Combat Baru: Lebih Modern, Tapi Kehilangan Karakter?

Salah satu perubahan paling menonjol pada Yakuza Kiwami 3 ialah sistem combat yang diselaraskan dengan gaya modern seri Ryu Ga Gotoku. Animasi serangan lebih halus, respons tombol terasa cepat, serta kamera lebih bersahabat. Transisi masuk keluar pertarungan juga dipersingkat, membuat eksplorasi kota mengalir tanpa banyak gangguan loading. Untuk pemain yang alergi combat kaku era PS3, ini peningkatan signifikan.

Namun, perubahan ini punya efek samping. Yakuza 3 original dikenal punya tempo tarung agak lambat, tapi memberikan rasa bobot pada setiap pukulan. Di Kiwami 3, beberapa pemain bisa merasa semua lebih lincah, namun juga sedikit generik. Gaya bertarung Kiryu terasa mendekati game Yakuza modern lain. Identitas unik entry ketiga agak terkikis. Sebagai penulis Yakuza Kiwami 3 review, saya merasa puas secara teknis, tapi rindu keanehan khas combat lama.

Heat Action tetap brutal, walau animasi diperbarui. Tombak payung, papan reklame, kursi bar, semua kembali jadi senjata improvisasi menyenangkan. Sistem upgrade skill juga lebih rapi, dengan pohon kemampuan lebih jelas. Bagi pemain baru, ini membantu sekali. Bagi veteran, upgrade terasa sedikit terlalu cepat sehingga pertarungan normal cepat kehilangan tantangan. Tingkat kesulitan normal mungkin terasa ringan, jadi opsi hard patut dipertimbangkan sejak awal.

Mode Baru dan Ekspansi Dark Ties

Dark Ties menjadi faktor penting dalam Yakuza Kiwami 3 review ini. Ekspansi ini menawarkan skenario tambahan berbasis konflik gelap antara faksi yakuza, menonjolkan sisi paling brutal dunia bawah Tokyo. Alih-alih sekadar bonus kecil, Dark Ties terasa seperti kampanye mini. Struktur misinya cukup padat dengan fokus aksi lebih intens, cocok untuk pemain yang sudah menamatkan cerita utama.

Mode baru juga hadir sebagai variasi konten. Misalnya, arena pertarungan khusus dengan gelombang musuh berlevel tinggi. Di sini, sistem combat baru benar-benar diuji. Pola serangan musuh lebih agresif, memaksa pemain memakai dodge, parry, serta manajemen Heat secara taktis. Ini jadi pelengkap bagus bagi mereka yang menganggap campaign utama kurang menantang. Namun, mode ini berpotensi terasa repetitif jika kamu tidak terlalu suka grinding.

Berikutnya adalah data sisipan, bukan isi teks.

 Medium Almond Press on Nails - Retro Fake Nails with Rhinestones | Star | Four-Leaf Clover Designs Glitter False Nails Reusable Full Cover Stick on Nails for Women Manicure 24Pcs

Dark Ties memiliki nilai tambah naratif, meski tidak sedalam cerita utama. Ada beberapa cameo karakter favorit serta dialog tajam khas seri Yakuza. Di sisi lain, penokohan baru belum cukup kuat menyaingi drama panti asuhan Morning Glory. Jadi, saya melihat Dark Ties lebih tepat disebut “bumbu pedas” daripada menu utama. Untuk penilaian harga, kehadiran ekspansi ini jelas menaikkan value keseluruhan paket Yakuza Kiwami 3.

Konten Sampingan: Surga Mini‑Game Masih Menggoda?

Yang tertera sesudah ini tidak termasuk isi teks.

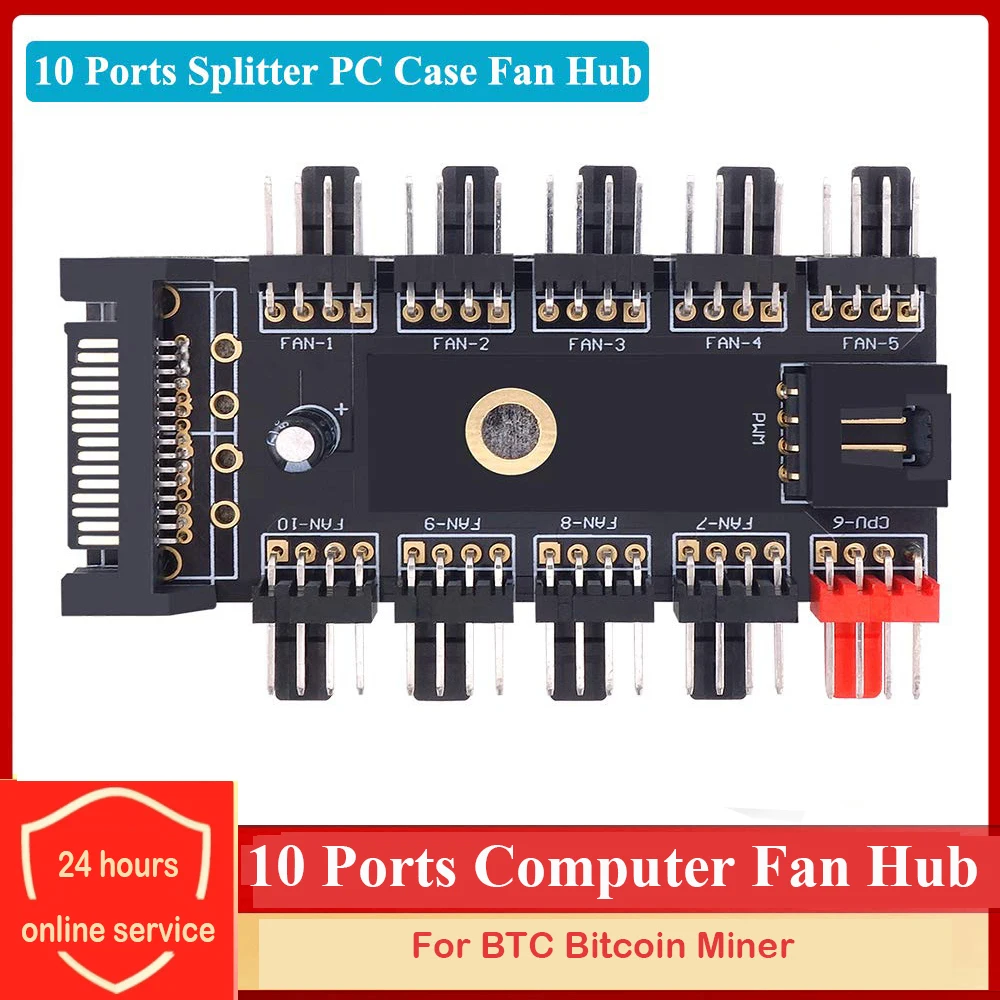 

4Pin Fan Hub Splitter 10 Interface Chassis Fan Speed Controller Adapter Socket 12V Power Supply Support 3Pin For Computer Case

Konten sampingan tetap menjadi nyawa setiap ulasan Yakuza Kiwami 3 review yang jujur. Karaoke, biliar, golf, pachinko, serta beragam aktivitas kecil lain masih hadir. Presentasi mini‑game terasa lebih bersih, kontrol lebih responsif. Substories tetap menyajikan komedi aneh, satire sosial, hingga momen mengharukan tak terduga. Sebagian misi sampingan klasik direvisi supaya dialog terasa lebih relevan bagi pemain masa kini. Meski begitu, tidak semua eksperimen baru berhasil. Ada beberapa aktivitas tambahan terasa dangkal, lebih mirip pengisi daftar fitur ketimbang bagian penting ekosistem permainan. Namun kalau kamu tipe pemain yang gemar tenggelam puluhan jam di luar misi utama, Kiwami 3 masih menawarkan taman bermain luas, bahkan lebih terkurasi, dibanding versi PS3. Pada akhirnya, apakah Yakuza Kiwami 3 layak harga penuh sangat tergantung preferensi. Bila kamu penggemar berat seri Yakuza, ingin melihat kembali cerita Kiryu di Okinawa dengan visual modern, serta tertarik mengeksplor Dark Ties, game ini cukup pantas dibeli day one. Untuk pemain baru yang penasaran setelah menamatkan Kiwami 1 dan 2, rilis ini memberi jembatan lebih mulus ke era tengah seri. Namun bila kamu tipe pembeli sensitif harga, tidak tergila-gila konten sampingan, serta sudah menamatkan Yakuza 3 original beberapa kali, saya pribadi menyarankan menunggu diskon signifikan. Refleksi terakhir dari Yakuza Kiwami 3 review ini: remake ini bukan interpretasi ulang radikal, melainkan rekonsiliasi antara nostalgia dan standar kenyamanan modern. Tidak sempurna, kadang kehilangan sisi unik entry ketiga, namun tetap menjadi cara paling praktis mengunjungi kembali salah satu bab penting perjalanan Kiryu.